At a glance.
- Conti's ransomware attacks on national governments.
- Ransomware gang tries to excuse its crimes.
- Origins of the Chaos ransomware operation.
Conti's ransomware attacks on national governments.
Check Point looks at the Conti ransomware gang's attacks against the national governments of Costa Rica and Peru. In the case of Costa Rica, the researchers stated:
"This quickly escalating cyber event has evolved into a wide geopolitical event. It happened when on the one hand, Costa Rica asked for support from the US and the US state department then offered a $10,000,000 reward for information on Conti’s leaders. On the other hand, the rhetoric of the Conti group around the Costa Rican extortion started to involve the US and President Biden, and not just Costa Ricans.
"The event received a lot of positive attention in the Russian speaking underground and could potentially lead to further ransomware groups utilizing the same concepts against other countries and in different geopolitical circumstances. One of the most reputable members of the Russian Underground aggressively reacted to the US intervention, saying that Americans should pray that the events of May – June 2021 won’t happen again, alluding to the Colonial Pipeline ransomware attack."
Check Point adds that Conti is conducting a similar campaign in Peru, after attacking the country's Ministry of Finance and General Intelligence Directorate on May 7th. In that case, the researchers note, "Extortion against Peru is a developing incident which is in the early stages compared to the event against Costa Rica."
Ransomware gang tries to excuse its crimes.

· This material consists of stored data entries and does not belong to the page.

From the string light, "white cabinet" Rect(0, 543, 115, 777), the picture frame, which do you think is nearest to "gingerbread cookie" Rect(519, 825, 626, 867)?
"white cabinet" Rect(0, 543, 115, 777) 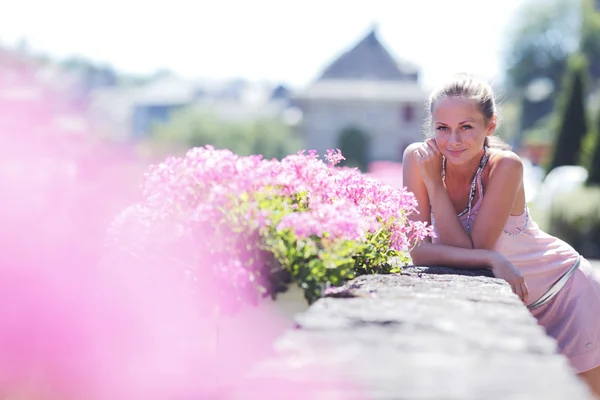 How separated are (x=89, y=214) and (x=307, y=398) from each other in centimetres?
344

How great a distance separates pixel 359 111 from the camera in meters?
59.9

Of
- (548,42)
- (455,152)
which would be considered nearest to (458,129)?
(455,152)

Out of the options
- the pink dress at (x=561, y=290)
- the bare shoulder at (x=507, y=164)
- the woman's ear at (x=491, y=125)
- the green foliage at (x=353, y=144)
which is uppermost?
the woman's ear at (x=491, y=125)

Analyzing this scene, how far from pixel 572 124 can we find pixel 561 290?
95.9 feet

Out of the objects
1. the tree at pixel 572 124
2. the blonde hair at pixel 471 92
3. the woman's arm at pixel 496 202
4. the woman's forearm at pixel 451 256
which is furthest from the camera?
the tree at pixel 572 124

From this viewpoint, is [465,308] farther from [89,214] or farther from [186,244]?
[89,214]

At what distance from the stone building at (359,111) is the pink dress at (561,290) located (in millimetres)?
51973

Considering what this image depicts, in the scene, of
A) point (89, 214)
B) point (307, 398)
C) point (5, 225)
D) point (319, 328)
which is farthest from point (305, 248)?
point (89, 214)

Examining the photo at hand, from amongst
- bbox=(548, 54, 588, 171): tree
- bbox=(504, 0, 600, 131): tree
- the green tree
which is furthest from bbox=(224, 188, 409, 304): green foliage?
bbox=(504, 0, 600, 131): tree

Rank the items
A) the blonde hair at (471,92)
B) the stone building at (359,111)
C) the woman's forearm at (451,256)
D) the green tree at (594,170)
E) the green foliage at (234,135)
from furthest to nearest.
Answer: the green foliage at (234,135) → the stone building at (359,111) → the green tree at (594,170) → the blonde hair at (471,92) → the woman's forearm at (451,256)

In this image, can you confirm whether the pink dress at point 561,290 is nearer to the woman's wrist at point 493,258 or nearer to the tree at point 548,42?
the woman's wrist at point 493,258

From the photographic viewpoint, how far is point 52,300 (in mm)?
3193

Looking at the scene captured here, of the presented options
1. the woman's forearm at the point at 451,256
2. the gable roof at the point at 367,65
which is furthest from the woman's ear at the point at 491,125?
the gable roof at the point at 367,65

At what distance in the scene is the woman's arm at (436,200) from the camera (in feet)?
12.6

Researchers at Cyberint describe a new extortion gang dubbed "RansomHouse" that exfiltrates victims' data and holds it for ransom. The group claims that their purpose is to motivate its victims to improve their security, comparing themselves to bug bounty hunters. In practice, however, the gang is running a typical data theft extortion racket:
"RansomHouse campaigns focus on data exfiltration only; they do not possess or develop any encryption modules. In their words: 'nothing to do with breaches and don’t produce or use any ransomware.'
"It seems that the group operates manually and focuses on one victim at a time. They keep their actions simple and precise as they invest all their resources in vulnerability research and data exfiltration, which makes their task much simpler than encrypting the victim’s assets.
"The position the group generally puts the victim in is to pay the ransom or being shamed in their blog for not 'caring enough' to pay the ransom to protect its customers’ valuable information, which could cast a negative light on the victim in front of its customers and shareholders."
Origins of the Chaos ransomware operation.
Researchers at BlackBerry have published a report outlining the genealogy of the Chaos ransomware family, detailing six versions of the malware that have been released since it first surfaced in June 2021. BlackBerry found that Chaos has ties to the Onyx and Yashma ransomware strains, although Chaos initially (and unsuccessfully) claimed to be an offshoot of Ryuk.